• _WHAT YOU SHOULD DO_: The full set of lines below has to be duplicated exactly, with no picture kept.

== INFORMATION GIVEN

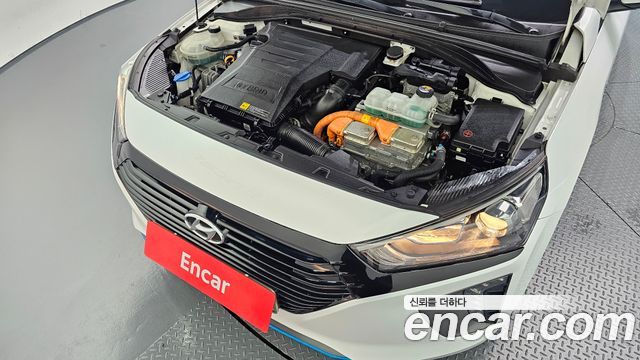 Hyundai Ioniq 2018 — photo 20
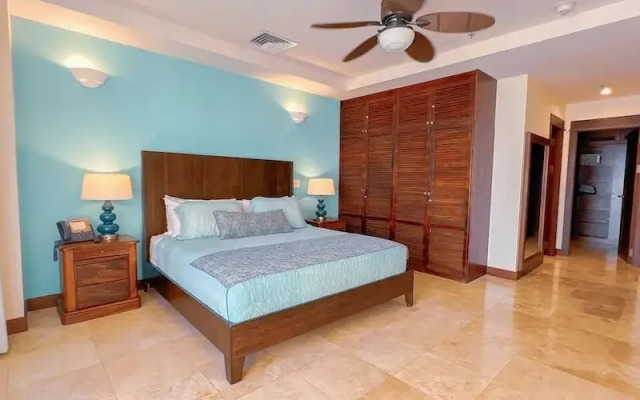 Seaview Oasis 1-BRSuite in Croc's casino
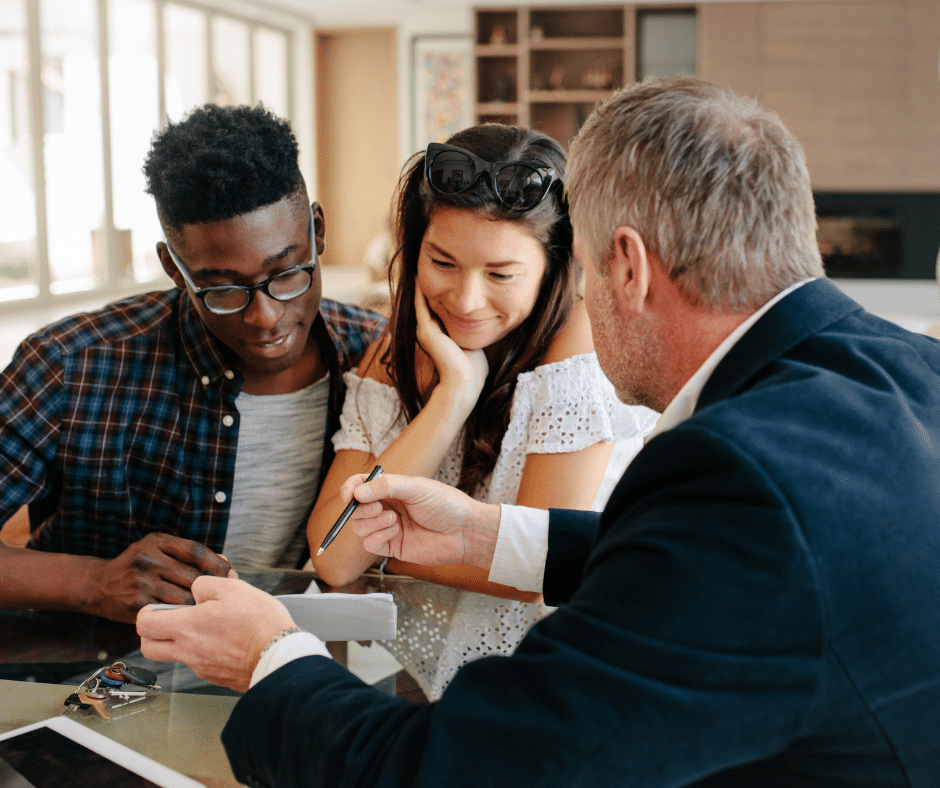 Realtor explaining a real estate contingency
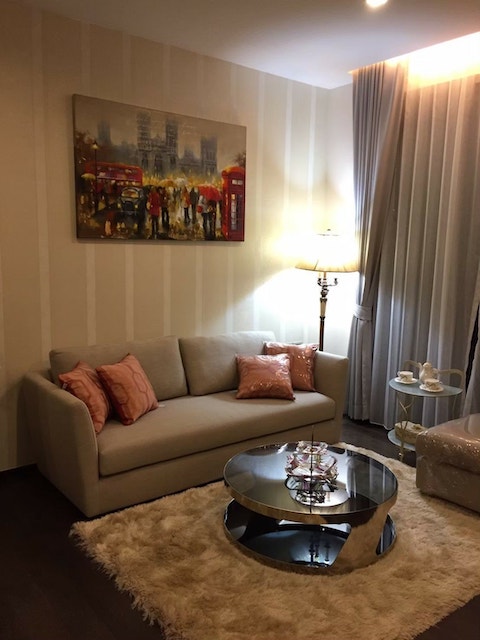 XXXIX by Sansiri is private, clean, livable, 14th floor, BTS Phrom Phong.***Service for selling/renting houses, condos and giving advice. If interested, contact at any time***Interested in additional details or pictures or making an appointment to see the room?Contact Ekachai (Aui)T. 089-799-5598Line ID: @auiauiaui001 (add @ in front)Room type: 1 bedroom, 1 bathroomSize 58 sq m., 14th floorClean room, beautifully decorated, ready to move in.details-------------------------------------------------- ------------Rental price: 65,000 baht/month-------------------------------------------------- ------------*Facilities worth using– Swimming pool (Infinity Edge style, panoramic view)– Fitness– Steam room– Garden-------------------------------------------------- ------------*Nearby important places (Based on information from Google Map)1. Department store The Emporium2. Villamarket3. Samitivej Hospital4. Prommit Hospital5. BTS. Phrom Phong-----------------------------------------------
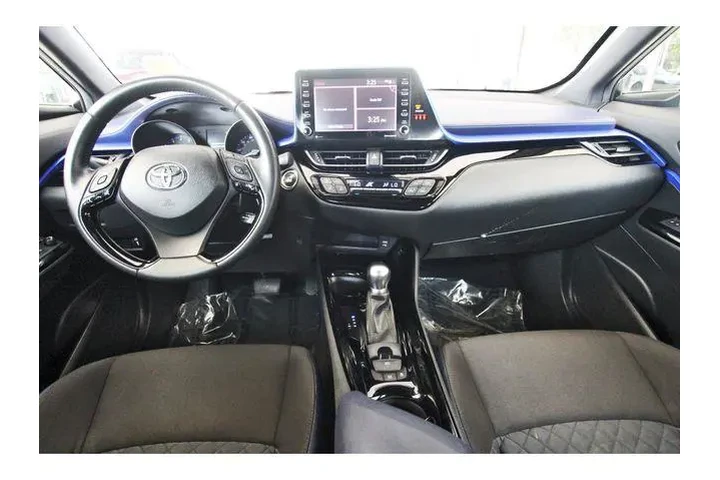 $20491 : Toyota C-HR 2021 LE 4dr Cros image 8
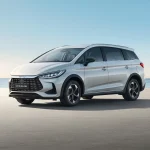 BYD M6 DM Resmi Diperkenalkan, Bisa Jalan Pakai Listrik dan Bensin! - Tuwaga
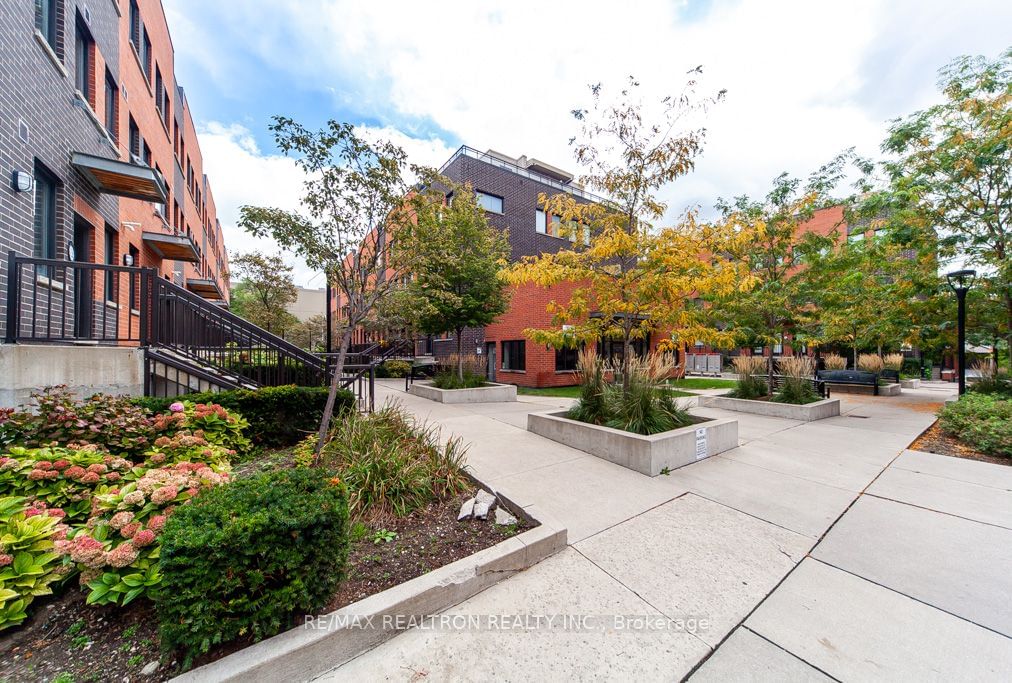 Yorkdale Village Townhomes, North York, Toronto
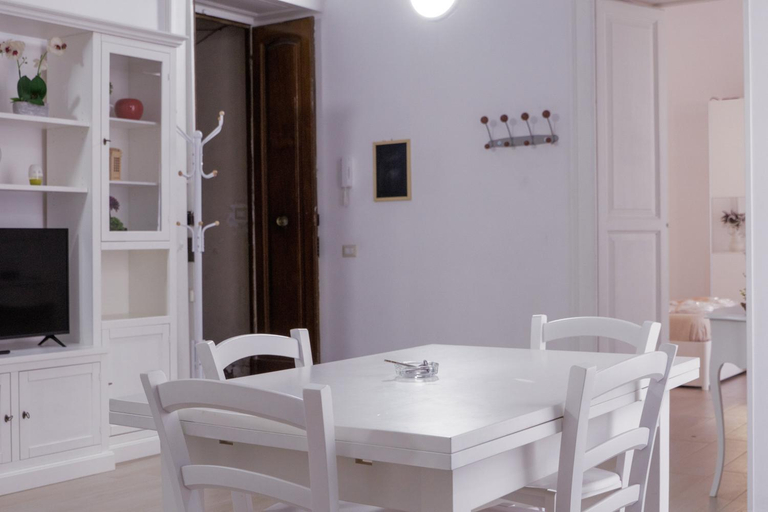 Facilities 3, Gli Appartamenti della Villa, Caserta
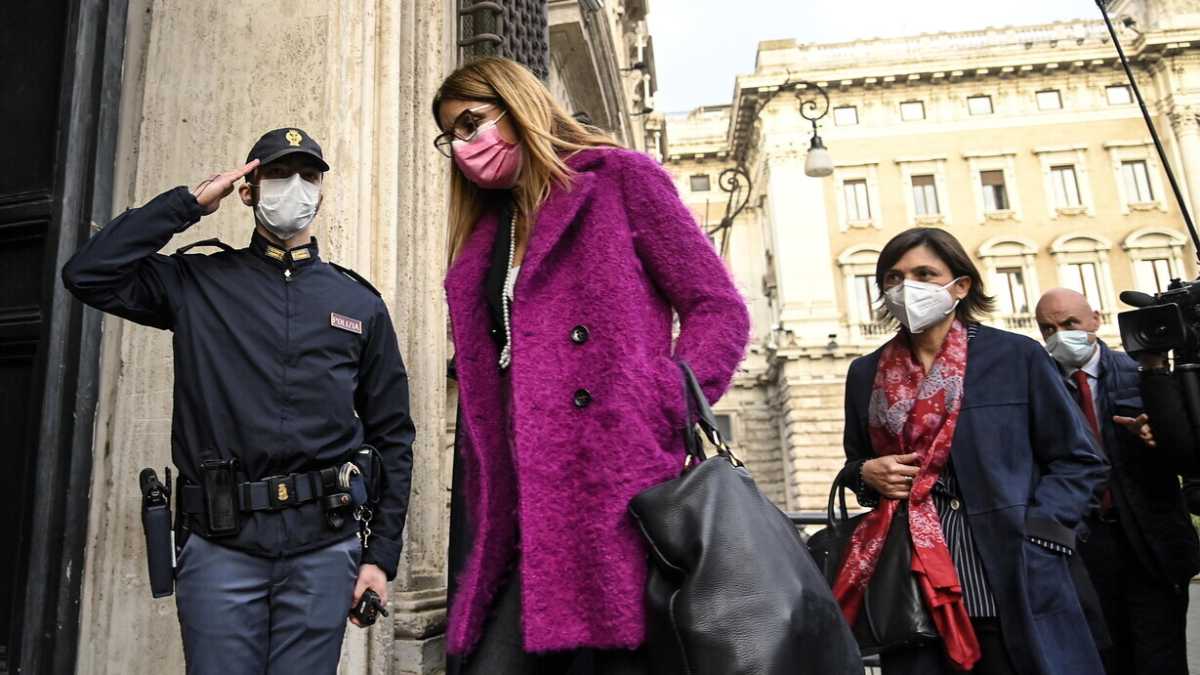 Immagine di Pd, il documento delle donne a Letta: "A noi le posizioni apicali in Parlamento"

====

• _RESPONSE_:
 Hyundai Ioniq 2018 — photo 20
 Seaview Oasis 1-BRSuite in Croc's casino
 Realtor explaining a real estate contingency
 XXXIX by Sansiri is private, clean, livable, 14th floor, BTS Phrom Phong.***Service for selling/renting houses, condos and giving advice. If interested, contact at any time***Interested in additional details or pictures or making an appointment to see the room?Contact Ekachai (Aui)T. 089-799-5598Line ID: @auiauiaui001 (add @ in front)Room type: 1 bedroom, 1 bathroomSize 58 sq m., 14th floorClean room, beautifully decorated, ready to move in.details-------------------------------------------------- ------------Rental price: 65,000 baht/month-------------------------------------------------- ------------*Facilities worth using– Swimming pool (Infinity Edge style, panoramic view)– Fitness– Steam room– Garden-------------------------------------------------- ------------*Nearby important places (Based on information from Google Map)1. Department store The Emporium2. Villamarket3. Samitivej Hospital4. Prommit Hospital5. BTS. Phrom Phong-----------------------------------------------
 $20491 : Toyota C-HR 2021 LE 4dr Cros image 8
 BYD M6 DM Resmi Diperkenalkan, Bisa Jalan Pakai Listrik dan Bensin! - Tuwaga
 Yorkdale Village Townhomes, North York, Toronto
 Facilities 3, Gli Appartamenti della Villa, Caserta
 Immagine di Pd, il documento delle donne a Letta: "A noi le posizioni apicali in Parlamento"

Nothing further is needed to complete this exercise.